Bitcoin
Will the Fed Return to Quantitative Easing?

Crypto and financial markets, in general, are reeling from renewed volatility and mounting geopolitical pressure. As a result, speculation is intensifying around whether the Federal Reserve (Fed) will pivot back toward Quantitative Easing (QE).
A potential QE would be reminiscent of the aggressive monetary interventions of 2008 and 2020. For crypto, the implications could be enormous, with many traders bracing for a potential V-shaped recovery and a historic rally if QE is revived.
Analysts Share Signals Why the FED Could Act
Analysts have shared reasons that could prompt the Fed to intervene, with one citing the MOVE Index. This is Wall Street’s “fear gauge” for the bond market. At 137.30, the index is currently within the 130–160 range where the Fed has historically acted during crises.
“Now it’s at 137.30, in the 130–160 range where the Fed might step in, depending on the economy.

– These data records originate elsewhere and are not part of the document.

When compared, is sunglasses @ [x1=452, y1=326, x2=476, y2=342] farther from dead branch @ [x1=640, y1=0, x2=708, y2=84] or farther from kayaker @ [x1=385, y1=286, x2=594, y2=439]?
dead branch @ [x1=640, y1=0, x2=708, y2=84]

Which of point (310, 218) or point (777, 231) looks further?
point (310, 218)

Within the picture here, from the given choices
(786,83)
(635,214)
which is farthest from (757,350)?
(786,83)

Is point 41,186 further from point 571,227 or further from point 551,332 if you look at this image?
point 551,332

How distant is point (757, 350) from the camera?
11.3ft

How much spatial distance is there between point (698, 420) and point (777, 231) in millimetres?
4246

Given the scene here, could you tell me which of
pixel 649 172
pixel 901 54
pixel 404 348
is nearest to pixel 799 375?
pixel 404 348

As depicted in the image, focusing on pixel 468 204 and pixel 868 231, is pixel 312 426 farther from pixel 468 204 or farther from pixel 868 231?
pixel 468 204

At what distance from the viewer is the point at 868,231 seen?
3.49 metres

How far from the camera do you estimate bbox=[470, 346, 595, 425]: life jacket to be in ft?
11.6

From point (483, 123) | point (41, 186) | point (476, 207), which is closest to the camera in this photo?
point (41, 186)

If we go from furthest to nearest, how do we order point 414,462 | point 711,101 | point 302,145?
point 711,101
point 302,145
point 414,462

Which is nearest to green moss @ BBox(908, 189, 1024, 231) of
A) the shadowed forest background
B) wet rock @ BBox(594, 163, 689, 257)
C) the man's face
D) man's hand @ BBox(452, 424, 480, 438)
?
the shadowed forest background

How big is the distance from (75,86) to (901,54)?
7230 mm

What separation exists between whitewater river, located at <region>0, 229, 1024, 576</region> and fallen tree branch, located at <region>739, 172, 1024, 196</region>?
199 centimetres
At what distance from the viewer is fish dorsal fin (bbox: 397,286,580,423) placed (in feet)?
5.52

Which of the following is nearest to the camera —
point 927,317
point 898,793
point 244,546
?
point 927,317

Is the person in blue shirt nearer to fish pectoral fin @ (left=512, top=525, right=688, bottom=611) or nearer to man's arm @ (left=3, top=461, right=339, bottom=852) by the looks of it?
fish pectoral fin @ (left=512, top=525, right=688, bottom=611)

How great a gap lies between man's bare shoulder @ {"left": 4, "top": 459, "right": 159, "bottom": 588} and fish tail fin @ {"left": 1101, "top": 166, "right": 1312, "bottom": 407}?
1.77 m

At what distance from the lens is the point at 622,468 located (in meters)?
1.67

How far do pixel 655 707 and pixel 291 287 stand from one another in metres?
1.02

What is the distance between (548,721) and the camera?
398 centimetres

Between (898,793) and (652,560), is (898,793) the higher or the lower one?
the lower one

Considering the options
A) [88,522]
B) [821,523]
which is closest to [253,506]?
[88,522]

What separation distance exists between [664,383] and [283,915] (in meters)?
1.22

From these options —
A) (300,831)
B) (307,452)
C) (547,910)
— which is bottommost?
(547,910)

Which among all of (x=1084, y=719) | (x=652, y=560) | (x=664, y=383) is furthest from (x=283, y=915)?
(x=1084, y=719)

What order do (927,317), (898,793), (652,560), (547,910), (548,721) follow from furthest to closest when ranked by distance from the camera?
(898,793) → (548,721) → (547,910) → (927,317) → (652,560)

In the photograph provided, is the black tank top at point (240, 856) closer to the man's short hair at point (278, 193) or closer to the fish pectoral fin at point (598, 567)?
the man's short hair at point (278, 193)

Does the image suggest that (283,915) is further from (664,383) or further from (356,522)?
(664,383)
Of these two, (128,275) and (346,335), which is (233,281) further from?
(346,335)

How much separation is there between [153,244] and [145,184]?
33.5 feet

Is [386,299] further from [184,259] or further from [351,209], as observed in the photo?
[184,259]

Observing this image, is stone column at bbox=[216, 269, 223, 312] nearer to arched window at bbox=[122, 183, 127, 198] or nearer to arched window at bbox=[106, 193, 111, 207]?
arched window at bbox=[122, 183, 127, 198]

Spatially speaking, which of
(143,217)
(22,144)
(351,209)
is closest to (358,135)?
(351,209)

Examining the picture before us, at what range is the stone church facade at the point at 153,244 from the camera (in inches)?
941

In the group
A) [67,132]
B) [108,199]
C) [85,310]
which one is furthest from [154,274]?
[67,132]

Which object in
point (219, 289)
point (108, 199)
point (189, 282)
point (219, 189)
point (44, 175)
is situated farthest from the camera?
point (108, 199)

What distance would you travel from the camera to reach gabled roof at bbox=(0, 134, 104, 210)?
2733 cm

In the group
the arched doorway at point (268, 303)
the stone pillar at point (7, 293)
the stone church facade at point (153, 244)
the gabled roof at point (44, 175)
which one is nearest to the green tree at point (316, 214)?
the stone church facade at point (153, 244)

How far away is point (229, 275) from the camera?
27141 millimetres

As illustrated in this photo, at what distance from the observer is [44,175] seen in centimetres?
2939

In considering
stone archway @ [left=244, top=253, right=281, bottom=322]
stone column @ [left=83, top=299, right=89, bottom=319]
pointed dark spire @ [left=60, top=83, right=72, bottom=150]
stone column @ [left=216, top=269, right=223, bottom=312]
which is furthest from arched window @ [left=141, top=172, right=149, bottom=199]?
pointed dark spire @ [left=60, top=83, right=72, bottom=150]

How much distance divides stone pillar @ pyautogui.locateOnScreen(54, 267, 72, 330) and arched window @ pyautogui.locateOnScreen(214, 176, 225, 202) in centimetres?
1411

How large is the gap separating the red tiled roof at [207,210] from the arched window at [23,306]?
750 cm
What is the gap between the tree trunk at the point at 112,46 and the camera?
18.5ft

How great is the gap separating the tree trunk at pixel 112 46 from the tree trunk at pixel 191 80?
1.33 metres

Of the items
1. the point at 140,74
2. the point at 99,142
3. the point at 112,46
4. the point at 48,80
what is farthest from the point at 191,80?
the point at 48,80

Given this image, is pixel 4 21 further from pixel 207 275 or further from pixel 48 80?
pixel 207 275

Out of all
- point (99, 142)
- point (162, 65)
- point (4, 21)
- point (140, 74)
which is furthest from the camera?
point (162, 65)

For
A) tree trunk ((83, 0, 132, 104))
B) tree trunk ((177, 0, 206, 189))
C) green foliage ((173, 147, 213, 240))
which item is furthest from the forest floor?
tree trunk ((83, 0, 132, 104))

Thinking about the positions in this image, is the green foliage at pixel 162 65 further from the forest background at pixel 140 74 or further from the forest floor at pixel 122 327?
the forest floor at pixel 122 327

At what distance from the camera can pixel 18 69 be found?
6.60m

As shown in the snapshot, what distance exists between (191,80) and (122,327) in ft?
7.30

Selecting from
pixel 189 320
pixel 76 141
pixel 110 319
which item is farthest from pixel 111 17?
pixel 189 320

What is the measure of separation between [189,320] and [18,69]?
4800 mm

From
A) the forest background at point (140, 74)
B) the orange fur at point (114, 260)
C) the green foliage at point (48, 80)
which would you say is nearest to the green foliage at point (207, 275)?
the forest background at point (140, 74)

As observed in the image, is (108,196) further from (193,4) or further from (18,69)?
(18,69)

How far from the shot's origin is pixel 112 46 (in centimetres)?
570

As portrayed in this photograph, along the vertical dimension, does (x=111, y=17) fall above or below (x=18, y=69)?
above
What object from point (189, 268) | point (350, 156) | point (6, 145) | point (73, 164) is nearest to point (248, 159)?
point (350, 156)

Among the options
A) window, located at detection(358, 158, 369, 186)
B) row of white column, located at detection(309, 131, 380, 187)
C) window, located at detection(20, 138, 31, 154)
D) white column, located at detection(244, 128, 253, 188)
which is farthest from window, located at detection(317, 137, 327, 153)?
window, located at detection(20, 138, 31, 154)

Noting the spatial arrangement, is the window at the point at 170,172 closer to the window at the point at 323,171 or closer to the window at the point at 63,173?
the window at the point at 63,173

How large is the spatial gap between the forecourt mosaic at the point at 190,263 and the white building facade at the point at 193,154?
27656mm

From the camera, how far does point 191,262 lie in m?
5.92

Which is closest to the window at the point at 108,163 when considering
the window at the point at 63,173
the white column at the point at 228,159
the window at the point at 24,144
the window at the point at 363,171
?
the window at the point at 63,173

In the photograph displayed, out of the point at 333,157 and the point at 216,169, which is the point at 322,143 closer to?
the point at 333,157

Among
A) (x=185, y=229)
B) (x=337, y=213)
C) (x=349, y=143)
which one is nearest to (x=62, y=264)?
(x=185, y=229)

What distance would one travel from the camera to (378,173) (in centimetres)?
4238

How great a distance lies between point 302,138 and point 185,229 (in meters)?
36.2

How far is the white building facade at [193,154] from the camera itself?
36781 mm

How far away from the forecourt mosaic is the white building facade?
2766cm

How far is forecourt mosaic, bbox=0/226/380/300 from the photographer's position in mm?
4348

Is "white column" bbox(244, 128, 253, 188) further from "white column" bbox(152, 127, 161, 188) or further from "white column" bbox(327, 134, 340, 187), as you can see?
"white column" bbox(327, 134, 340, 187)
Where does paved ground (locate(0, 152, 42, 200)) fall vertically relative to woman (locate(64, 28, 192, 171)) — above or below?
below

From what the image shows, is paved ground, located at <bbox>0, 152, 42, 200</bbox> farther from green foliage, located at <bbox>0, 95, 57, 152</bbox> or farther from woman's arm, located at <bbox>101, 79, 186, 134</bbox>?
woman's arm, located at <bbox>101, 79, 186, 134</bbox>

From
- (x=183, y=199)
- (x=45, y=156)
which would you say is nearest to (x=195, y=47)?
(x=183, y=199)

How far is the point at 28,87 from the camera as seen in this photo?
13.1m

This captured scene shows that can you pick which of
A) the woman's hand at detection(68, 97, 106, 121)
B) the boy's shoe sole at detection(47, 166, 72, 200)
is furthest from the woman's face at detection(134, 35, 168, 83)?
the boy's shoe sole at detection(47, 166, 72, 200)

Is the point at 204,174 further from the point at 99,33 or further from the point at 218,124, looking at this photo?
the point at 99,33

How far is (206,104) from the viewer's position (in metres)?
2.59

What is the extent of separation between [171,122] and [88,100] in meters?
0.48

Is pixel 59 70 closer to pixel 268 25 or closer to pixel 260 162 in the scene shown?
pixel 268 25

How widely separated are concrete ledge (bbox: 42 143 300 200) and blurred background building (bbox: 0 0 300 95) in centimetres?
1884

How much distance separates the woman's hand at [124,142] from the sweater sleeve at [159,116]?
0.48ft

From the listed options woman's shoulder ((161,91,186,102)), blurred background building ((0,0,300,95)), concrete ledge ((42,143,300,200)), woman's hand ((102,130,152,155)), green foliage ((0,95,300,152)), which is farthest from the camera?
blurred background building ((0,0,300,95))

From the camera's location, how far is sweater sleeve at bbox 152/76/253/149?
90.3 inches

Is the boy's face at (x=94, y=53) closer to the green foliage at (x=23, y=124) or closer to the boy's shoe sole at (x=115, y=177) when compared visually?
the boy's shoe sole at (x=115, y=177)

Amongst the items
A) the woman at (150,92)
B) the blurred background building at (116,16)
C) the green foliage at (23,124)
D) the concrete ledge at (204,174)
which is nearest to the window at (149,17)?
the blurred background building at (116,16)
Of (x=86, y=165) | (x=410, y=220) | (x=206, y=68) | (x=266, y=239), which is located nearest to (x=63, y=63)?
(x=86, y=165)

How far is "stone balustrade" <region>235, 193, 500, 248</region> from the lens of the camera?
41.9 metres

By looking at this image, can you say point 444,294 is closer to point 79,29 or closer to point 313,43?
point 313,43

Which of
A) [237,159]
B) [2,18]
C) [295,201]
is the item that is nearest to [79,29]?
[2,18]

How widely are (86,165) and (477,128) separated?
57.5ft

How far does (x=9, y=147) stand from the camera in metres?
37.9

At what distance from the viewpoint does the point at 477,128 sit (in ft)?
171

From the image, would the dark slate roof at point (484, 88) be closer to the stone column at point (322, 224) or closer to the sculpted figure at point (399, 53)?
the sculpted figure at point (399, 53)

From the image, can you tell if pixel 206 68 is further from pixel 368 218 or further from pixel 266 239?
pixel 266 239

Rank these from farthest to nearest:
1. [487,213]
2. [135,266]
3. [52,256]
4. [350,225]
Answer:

If they don’t, they’ll still cut rates soon because they have to refinance the debt to keep the Ponzi going,” wrote Vandell, co-founder of Black Swan Capitalist.

This signal aligns with other warning signs of financial instability, including global market sell-offs that set the tone for the crypto black Monday narrative. This prompted the Fed to schedule a closed-door board meeting on April 3.
According to analysts, this timing was not random, with mounting pressure likely to see the Fed cave and President Trump having his way.
“With the Fed hinting at QE, everything changes Risk: Reward is now in favor of the bulls. Watch for choppy price action, but do not miss the recovery rally. And remember… it’s easier to trade this market than to hold through it,” said Aaron Dishner, a crypto trader and analyst.
This suggests that investors are reading between the lines, particularly with the Fed’s next scheduled policy decision not until May 6–7. JPMorgan recently became the first Wall Street bank to forecast a US recession amid Donald Trump’s proposed tariffs, adding urgency to the conversation.
The bank suggests the Fed may be forced to act sooner, possibly with rate cuts or even QE, before the scheduled FOMC meeting. Against this backdrop, crypto investor Eliz shared a provocative take.
“I honestly think Trump is doing all this to speed up the Fed’s process to lower rates and QE,” they noted.
That may not be far-fetched given that the Fed must also manage over $34 trillion in federal debt. Noteworthy, this becomes harder to service at higher interest rates. According to Polymarket, there is now a 92% chance the Fed will cut rates at some point in 2025.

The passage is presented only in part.